Vestindo agora a pele de uma espécie de tribuno do povo (que até proclama ser preciso “dar voz a quem não tem voz”!...), Cavaco incentivou Portugal a protestar contra o governo do engº. Sócrates. Admirados? Não vejo razão para tal. Na verdade, Cavaco mais não pretende do que um acréscimo de popularidade que lhe permita, sem grandes engulhos, dissolver a AR, fazendo cair o governo.
Por isso, eu continuo na minha: pelo menos momentânea e conjunturalmente, Cavaco assume-se como chefe da “oposição” (burguesa, claro) ao governo reaccionário de Sócrates. Só lhe falta - se é que já não o fez - mandar calar uns desbocados do PSD, tipo Menezes, Rio, Santana Lopes e outros…
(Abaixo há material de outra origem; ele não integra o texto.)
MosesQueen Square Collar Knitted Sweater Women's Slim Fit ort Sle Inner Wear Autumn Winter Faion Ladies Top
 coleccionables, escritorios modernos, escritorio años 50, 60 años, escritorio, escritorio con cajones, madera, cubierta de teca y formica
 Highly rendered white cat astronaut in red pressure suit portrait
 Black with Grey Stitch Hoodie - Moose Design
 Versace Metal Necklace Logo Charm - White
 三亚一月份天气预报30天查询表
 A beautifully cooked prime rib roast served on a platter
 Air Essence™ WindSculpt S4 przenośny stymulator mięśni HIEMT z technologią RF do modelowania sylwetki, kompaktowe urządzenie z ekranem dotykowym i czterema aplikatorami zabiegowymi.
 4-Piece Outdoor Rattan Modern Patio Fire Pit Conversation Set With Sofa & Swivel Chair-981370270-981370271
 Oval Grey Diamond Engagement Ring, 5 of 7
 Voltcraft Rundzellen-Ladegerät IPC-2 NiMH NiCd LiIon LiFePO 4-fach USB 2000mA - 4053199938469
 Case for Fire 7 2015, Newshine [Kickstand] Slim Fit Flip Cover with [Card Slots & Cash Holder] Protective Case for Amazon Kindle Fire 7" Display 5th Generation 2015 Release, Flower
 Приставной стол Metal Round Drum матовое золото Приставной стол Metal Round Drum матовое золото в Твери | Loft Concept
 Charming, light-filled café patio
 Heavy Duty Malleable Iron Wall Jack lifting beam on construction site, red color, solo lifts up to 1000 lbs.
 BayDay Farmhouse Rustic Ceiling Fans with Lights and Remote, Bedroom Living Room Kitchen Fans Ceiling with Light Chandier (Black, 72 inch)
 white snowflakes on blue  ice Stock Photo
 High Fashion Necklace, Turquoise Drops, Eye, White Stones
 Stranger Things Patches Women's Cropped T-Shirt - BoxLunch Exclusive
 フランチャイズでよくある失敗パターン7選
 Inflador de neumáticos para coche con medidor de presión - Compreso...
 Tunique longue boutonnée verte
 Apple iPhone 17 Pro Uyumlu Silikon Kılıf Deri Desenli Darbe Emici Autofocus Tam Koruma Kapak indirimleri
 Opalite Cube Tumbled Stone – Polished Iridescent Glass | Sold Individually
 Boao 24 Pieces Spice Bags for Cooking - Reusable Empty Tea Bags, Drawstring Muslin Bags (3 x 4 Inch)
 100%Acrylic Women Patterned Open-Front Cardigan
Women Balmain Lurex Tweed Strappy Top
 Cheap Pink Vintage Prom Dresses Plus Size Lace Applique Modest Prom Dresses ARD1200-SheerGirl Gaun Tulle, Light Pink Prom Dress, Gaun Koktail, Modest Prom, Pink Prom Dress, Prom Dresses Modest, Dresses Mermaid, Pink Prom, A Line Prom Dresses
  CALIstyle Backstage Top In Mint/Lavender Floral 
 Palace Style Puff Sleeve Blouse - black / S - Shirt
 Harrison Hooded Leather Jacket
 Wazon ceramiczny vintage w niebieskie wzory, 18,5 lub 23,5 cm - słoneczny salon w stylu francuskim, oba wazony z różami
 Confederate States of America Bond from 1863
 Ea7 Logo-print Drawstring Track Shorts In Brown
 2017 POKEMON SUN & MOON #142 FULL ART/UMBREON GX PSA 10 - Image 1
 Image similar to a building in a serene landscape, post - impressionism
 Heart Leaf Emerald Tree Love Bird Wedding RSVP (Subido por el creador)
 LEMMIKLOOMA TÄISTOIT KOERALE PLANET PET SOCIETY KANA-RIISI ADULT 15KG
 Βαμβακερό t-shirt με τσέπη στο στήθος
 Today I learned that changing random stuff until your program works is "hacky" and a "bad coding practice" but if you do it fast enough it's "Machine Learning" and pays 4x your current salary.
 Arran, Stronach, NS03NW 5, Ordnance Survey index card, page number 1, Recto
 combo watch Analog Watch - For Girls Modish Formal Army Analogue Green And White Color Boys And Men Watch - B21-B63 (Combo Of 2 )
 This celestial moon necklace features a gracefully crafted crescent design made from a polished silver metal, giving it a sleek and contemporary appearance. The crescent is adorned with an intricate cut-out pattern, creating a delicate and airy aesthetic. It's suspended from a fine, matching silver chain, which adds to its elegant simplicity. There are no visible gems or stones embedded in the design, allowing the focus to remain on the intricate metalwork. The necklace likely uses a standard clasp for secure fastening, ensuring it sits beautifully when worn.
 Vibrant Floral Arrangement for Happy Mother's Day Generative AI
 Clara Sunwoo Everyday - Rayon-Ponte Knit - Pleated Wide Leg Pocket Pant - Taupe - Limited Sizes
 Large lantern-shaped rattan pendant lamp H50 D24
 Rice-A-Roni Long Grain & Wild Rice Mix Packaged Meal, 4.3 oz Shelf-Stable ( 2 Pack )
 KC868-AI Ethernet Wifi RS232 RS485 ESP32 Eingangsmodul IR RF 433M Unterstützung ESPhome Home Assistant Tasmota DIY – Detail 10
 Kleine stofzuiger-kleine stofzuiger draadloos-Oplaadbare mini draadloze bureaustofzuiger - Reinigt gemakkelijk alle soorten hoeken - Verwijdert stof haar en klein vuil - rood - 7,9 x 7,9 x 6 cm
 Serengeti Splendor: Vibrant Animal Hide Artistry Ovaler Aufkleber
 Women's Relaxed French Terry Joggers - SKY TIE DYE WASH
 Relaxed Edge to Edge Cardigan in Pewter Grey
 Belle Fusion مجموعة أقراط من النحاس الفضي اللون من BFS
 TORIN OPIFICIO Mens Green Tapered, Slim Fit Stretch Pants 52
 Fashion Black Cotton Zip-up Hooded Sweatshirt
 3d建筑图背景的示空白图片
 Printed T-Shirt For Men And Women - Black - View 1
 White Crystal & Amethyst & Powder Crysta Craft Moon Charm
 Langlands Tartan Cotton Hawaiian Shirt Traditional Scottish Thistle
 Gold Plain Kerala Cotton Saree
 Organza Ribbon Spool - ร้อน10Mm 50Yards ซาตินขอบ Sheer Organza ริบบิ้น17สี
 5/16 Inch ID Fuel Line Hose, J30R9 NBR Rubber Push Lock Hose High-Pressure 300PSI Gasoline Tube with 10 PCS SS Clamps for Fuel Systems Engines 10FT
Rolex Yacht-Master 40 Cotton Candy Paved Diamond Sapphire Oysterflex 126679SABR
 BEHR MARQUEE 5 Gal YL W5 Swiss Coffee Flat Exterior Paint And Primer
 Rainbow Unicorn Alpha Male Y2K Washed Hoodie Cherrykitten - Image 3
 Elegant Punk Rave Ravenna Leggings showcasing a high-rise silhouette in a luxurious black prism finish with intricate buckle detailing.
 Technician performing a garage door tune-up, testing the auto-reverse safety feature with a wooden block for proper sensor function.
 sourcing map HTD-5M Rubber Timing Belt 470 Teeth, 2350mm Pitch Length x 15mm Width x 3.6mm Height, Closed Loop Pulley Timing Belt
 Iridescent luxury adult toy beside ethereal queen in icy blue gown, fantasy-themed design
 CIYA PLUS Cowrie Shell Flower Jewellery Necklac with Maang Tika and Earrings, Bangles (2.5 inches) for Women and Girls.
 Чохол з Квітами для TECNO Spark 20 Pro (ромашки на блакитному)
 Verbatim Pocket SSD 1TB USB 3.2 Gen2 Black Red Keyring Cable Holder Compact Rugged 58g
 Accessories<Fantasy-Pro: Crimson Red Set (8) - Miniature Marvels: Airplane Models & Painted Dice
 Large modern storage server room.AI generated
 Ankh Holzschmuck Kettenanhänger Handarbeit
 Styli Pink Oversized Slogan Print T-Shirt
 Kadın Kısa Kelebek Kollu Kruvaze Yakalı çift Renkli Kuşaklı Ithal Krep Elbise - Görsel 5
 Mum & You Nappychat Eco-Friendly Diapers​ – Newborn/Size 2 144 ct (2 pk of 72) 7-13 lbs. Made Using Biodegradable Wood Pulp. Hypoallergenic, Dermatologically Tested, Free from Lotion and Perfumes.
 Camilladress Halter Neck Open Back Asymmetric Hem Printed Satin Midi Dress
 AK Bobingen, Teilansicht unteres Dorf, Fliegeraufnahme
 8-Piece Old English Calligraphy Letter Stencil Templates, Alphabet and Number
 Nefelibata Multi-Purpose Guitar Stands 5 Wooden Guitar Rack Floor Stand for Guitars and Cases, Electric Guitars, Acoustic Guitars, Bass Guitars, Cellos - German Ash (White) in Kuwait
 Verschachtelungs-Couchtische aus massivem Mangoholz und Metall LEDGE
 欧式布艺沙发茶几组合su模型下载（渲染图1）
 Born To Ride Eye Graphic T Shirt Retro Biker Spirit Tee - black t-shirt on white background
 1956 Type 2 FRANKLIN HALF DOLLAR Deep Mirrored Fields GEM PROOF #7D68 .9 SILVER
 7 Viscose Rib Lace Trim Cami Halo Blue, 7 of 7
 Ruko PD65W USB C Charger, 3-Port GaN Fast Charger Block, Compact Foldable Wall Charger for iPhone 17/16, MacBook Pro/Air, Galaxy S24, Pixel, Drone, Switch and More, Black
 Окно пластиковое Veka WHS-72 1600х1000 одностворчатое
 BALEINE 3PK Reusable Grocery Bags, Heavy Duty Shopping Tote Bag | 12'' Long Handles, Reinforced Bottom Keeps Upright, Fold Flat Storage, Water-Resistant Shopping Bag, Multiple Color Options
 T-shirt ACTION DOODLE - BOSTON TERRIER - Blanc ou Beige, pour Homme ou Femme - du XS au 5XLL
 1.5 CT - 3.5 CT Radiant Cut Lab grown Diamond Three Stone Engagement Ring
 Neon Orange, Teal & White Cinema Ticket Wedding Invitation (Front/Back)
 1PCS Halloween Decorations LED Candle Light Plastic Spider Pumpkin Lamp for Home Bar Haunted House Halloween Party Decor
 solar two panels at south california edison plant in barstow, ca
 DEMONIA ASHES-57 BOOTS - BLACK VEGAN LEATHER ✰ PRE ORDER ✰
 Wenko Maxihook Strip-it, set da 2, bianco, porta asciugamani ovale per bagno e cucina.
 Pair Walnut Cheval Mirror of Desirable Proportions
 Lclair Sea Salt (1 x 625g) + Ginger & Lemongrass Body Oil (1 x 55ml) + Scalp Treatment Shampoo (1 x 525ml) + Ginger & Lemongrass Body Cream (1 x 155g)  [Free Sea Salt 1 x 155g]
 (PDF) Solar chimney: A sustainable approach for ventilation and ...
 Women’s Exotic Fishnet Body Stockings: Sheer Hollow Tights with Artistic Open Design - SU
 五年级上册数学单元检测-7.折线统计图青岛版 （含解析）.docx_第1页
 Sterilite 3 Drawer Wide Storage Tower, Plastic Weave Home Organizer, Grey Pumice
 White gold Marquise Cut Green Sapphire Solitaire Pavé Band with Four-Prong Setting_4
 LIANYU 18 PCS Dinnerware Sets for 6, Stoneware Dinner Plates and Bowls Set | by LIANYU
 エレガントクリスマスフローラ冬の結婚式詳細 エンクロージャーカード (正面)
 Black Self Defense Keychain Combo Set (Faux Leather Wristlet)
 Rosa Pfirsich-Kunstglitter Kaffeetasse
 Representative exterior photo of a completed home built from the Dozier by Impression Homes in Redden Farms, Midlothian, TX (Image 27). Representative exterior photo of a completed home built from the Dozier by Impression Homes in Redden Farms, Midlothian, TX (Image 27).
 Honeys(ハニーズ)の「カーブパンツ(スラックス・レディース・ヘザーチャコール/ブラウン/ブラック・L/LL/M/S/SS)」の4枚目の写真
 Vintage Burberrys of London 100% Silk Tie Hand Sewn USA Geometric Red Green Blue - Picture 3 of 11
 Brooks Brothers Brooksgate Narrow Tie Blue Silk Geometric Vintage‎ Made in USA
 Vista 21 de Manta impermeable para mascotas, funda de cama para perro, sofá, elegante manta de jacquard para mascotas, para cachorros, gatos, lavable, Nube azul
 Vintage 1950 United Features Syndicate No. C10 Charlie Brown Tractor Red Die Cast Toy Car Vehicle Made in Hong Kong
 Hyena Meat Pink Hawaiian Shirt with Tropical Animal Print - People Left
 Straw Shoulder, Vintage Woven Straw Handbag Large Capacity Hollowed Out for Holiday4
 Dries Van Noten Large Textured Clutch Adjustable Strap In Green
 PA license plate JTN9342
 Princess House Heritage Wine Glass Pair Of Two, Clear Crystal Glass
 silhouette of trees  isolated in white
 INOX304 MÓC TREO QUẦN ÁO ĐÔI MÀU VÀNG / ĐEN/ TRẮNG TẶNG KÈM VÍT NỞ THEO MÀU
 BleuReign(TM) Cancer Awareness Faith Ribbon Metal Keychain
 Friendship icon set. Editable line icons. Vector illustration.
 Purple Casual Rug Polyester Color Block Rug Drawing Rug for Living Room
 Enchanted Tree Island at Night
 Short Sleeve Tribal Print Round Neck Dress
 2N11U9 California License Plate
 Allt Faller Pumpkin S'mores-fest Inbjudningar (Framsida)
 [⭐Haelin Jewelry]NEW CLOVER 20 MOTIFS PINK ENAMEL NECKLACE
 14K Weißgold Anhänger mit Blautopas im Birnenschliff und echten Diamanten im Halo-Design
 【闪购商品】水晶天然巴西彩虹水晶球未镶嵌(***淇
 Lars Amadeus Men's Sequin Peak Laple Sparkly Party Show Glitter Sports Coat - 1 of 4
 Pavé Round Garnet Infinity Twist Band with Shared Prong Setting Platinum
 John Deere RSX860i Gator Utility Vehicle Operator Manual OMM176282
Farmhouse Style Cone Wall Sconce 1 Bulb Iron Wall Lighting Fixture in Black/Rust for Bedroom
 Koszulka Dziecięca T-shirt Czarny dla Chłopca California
O problema (nosso) é que “situação” e “oposição” a mesma cambada são. O bacalhau não foi enterrado na quarta-feira e, portanto, o Carnaval continua.
Mas uma coisa é certa: não aceito que me imponham a “opção” de ter que escolher entre a forca e cadeira eléctrica para que o país ultrapasse a crise. Pura e simplesmente a crise não se ultrapassa por qualquer dos lados desta falsa dicotomia carnavalesca.
Eles, num beco sem saída, conduzem-nos para o precipício. Nós temos que abrir uma saída no beco.
2. A comprovar isto mesmo (quer dizer, o Carnaval, o beco sem saída e a urgência de encontrar uma saída) temos as novidades “adicionais” anunciadas ontem pelo executivo “socialista”.
De manhã, o ministro das Finanças chama os jornalistas e anuncia as novas medidas de austeridade; zelosos, os jornalistas apressam-se a divulgá-las pela manhã e pela tarde; para logo horas depois, já noite, o Primeiro-ministro anunciar no final dos Trabalhos da Cimeira Europeia aquelas mesmas medidas, revelando que foram apreciadas pelos seus pares europeus e pela Alemanha em particular.
Isto é, meus caros, a democracia representativa no seu apogeu. Digam lá se não é assim que ela se pratica, desenvolve e frutifica?!